DIRECTIONS FOR THIS TASK – Your answer must be only the lines below from the one containing "Plastic Jar With" through the one containing "Next Overdel creme / pink", copied exactly, with the pictures left out.

EXERCISE INPUT –
+ + + + +

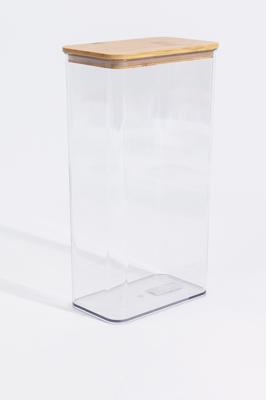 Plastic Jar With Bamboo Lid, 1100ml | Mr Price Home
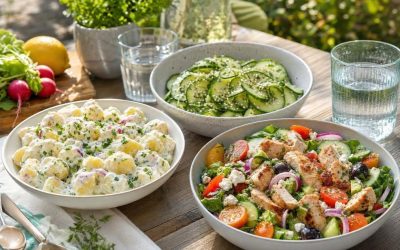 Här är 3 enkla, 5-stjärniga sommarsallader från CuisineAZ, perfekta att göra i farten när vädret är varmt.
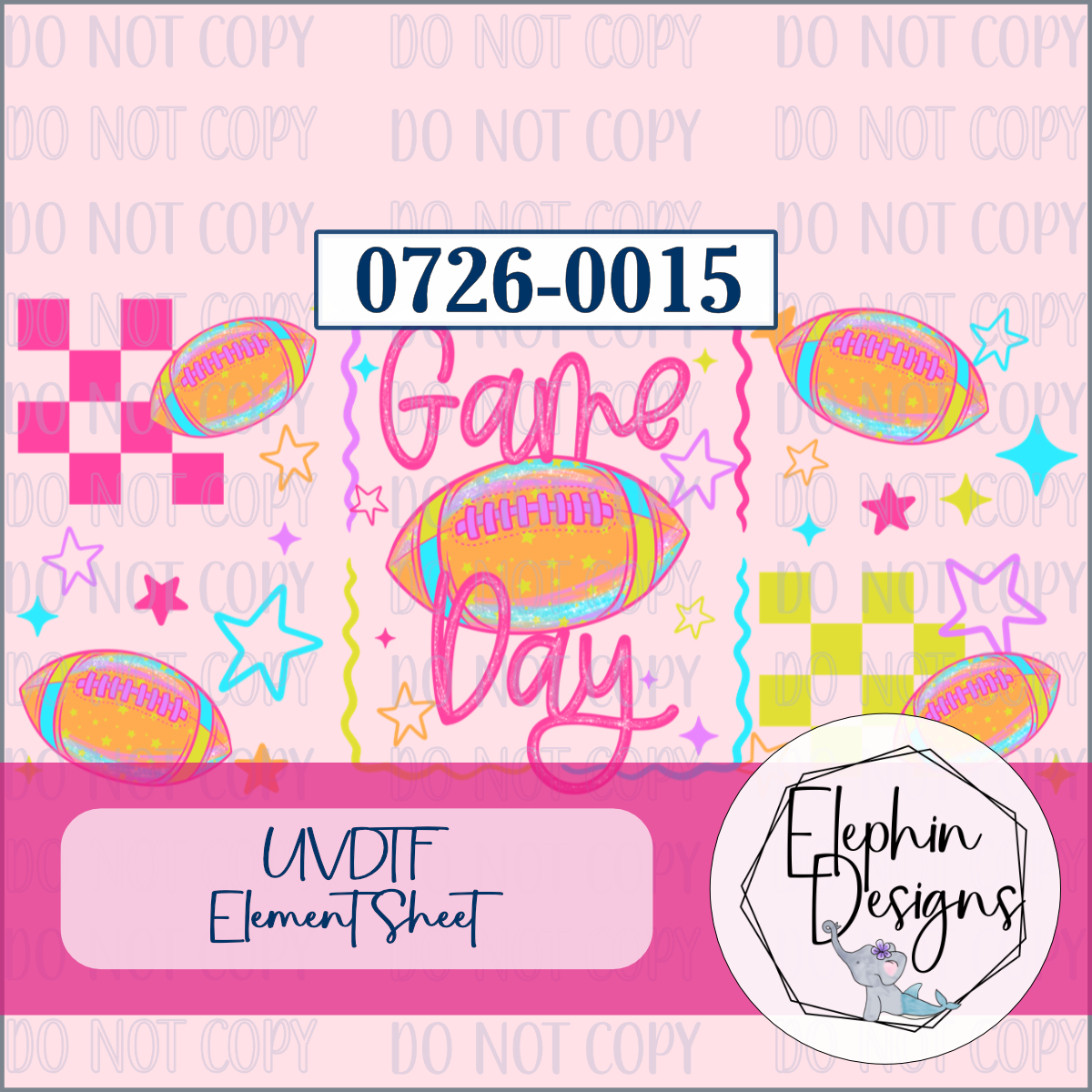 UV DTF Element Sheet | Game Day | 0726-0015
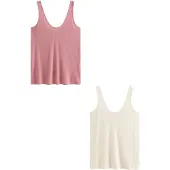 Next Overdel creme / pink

+ + + + +

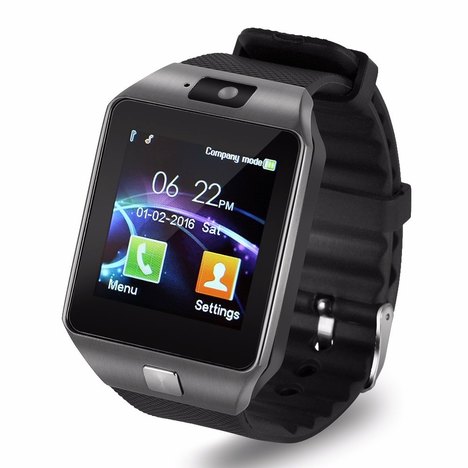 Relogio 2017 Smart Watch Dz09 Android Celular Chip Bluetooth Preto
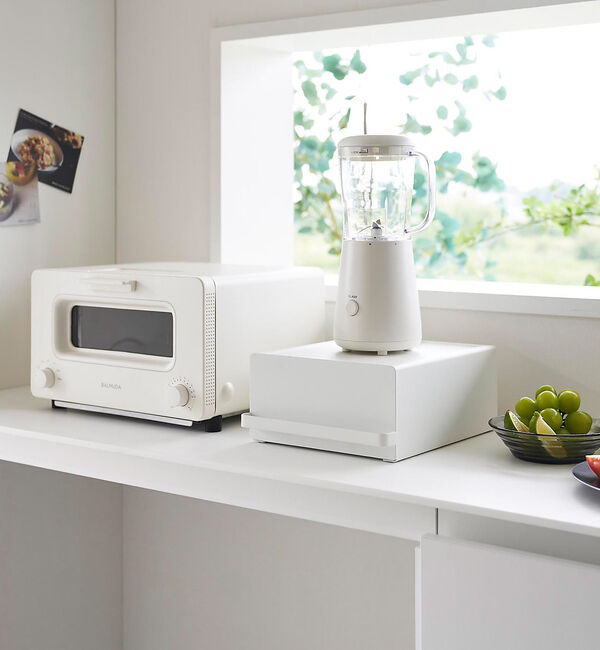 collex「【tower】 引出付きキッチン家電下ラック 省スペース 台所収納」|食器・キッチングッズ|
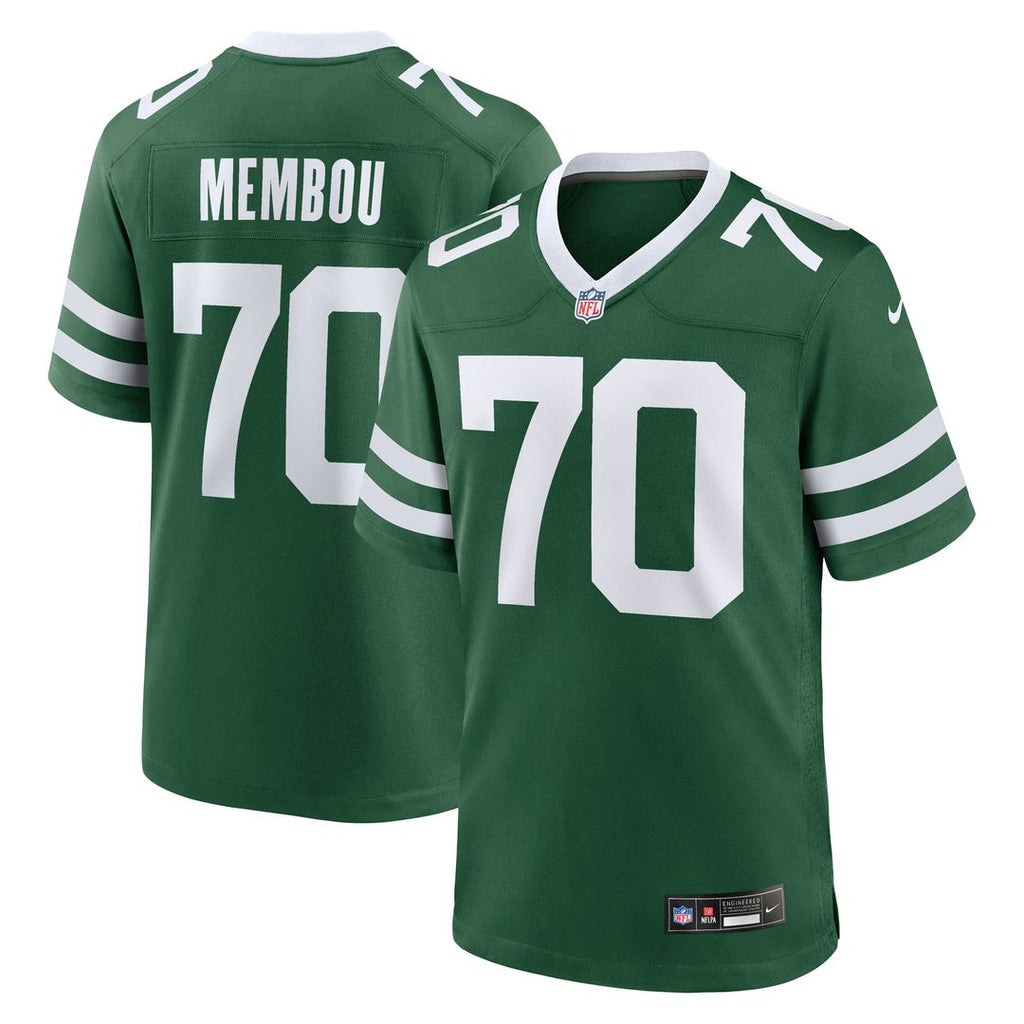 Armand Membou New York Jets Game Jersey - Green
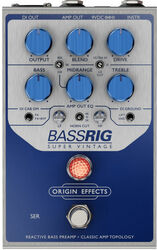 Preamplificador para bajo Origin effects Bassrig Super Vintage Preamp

+ + + + +

RESPONSE AREA –
 Plastic Jar With Bamboo Lid, 1100ml | Mr Price Home
 Här är 3 enkla, 5-stjärniga sommarsallader från CuisineAZ, perfekta att göra i farten när vädret är varmt.
 UV DTF Element Sheet | Game Day | 0726-0015
 Next Overdel creme / pink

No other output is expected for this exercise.